Editor in Chief: Moh. Reza Huwaida Saturday, April 20th, 2019

Attaining Democracy

Democracy is considered to be the best form of government, but it is also the most difficult to attain. History shows that though democratic system of government was formed in many countries, it failed in several of them and ultimately turned into something close to dictatorship. Therefore, it is important to comprehend that there are certain conditions that must be achieved and maintained by the societies to acquire true democracy.
Enlightened citizens are the most important prerequisite for democracy. In fact, democracy and enlightened citizenship go together. In democracy, the citizens must be alert and enlightened or properly educated. They should be motivated and aware enough to participate actively in public affairs. They should ready to stand firm for their rights and resist any infringement on their freedom. Simultaneously, they should pursue their duties honestly. They should consider their selfish interests secondary to national or collective interests. They must be helpful, unselfish and nationalistic.
Closely linked to active citizenship is the character and capability of the common masses. It is basically the character, attitudes and behavior of the common men that take democracy towards a success or a failure. In democracy, common men must be sufficiently interested in public affairs and must comprehend them. They must not be won over by emotions. Then again, their opinion, to a certain extent, should be based on sound practical ruling, broad-mindedness and unselfish devotion to public welfare. They should actively participate in the affairs of the government of his country. A democratic government is well-maintained through active criticism. Therefore, every citizen must be ready to protest and criticize the injustice and tyranny of the government, for democracy thrives when the people are eloquent; it breathes its last when they are dumb and voiceless. Furthermore, the people should be ready to fulfil their functions in minor spheres of life with eagerness, honesty and skill. Every man should be keenly interested in the welfare and happiness of his fellow-men and ready to help overcome the difficulties. In other words, civic sense is a necessary condition for the success of democracy.
It has been justly believed that the price of democracy is eternal vigilance. A democratic society demands much from its citizens. The people should be alert, vigilant and active in order to preserve their democratic institutions and enjoy their rights and liberty. When the people are indifferent, inactive and indolent in public matters, crafty politicians, clever demagogues, rich plutocrats and such other enterprising persons capture political power and abuse it for their selfish ends.
Along with vigilance and intelligence, democracy needs a spirit of tolerance and a sense of responsibility among all its citizens. Tolerance and the spirit of give and take are essential for democracy. Democracy is necessarily a rule of the majority. But if the minority party or parties are irreconcilably opposed to the laws and policy laid down by the ruling majority, democracy would fail to work; hence the need for tolerance or a spirit of give and take. It relies on the methods of peaceful persuasion. It presumes an agreement on fundamentals acceptable to all citizens, whether they belong to the majority or minority parties. They may agree to disagree but not to disunite. Democracy is in daily practice the acceptance by the minority of the majority rule.

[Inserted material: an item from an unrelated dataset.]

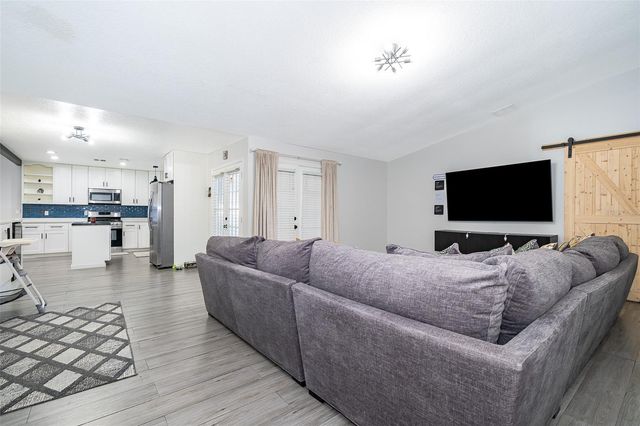 7118 CALOOSA COURT, Orlando, FL 32819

Education is indeed the first requisite for the success of democracy. Education is necessary to make common citizens good, intelligent, honest, active, responsible, public-spirited, tolerant and vigilant of their rights and duties. Education, at least, up to secondary level should be free, universal and compulsory and should be such as to equip the citizens for the performance of their civic duties and responsibilities. Democracies demand not only the passive consent of the citizen but also his active and constant participation and cooperation which should be the end of a democratic educational system. It must make him thoughtful, intelligent and critical person who would be bold enough to criticize the government, tolerant of the views of his opponents and honest enough not to abuse public office for selfish ends.

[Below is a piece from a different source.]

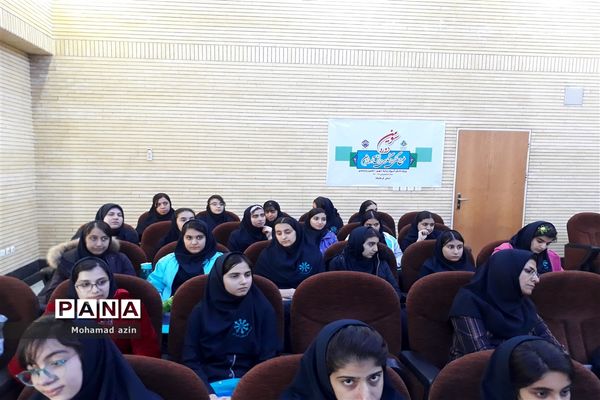 بازدید دانش‌آموزان پیشتاز از شعب تامین اجتماعی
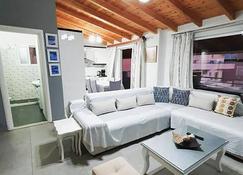 Vila Alvin Apartments - Sarandë - Sala de estar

Democracy requires organization and leadership. Indeed, the problem of organization and leadership is more urgent for democracy than for other forms of government; firstly, because modern democracies are vast and complex societies, and, secondly because democracy is inherently a government by and for common men and women. Ordinarily, common citizens are neither adequately educated nor sufficiently interested in public affairs and problems. They also do not have enough time or leisure to devote themselves to public matters. Hence the need is to inform and educate them, to arouse their interest and to organize them for public action. This important task is performed by political leadership. In order to fulfil this task, the leaders must themselves be honest, intelligent and pubic-spirited. They must be men of initiative, imagination and courage who can see and foresee the needs of the people and problems of their country. Moreover, they must dwell among the people in order to understand their needs and difficulties. They must also be self-reliant, honest and responsible persons.

Keeping in consideration the above requisites, Afghan authorities and people must work for democracy in the country as without acquiring them, it would be really impossible to attain true democracy or even to dream about it.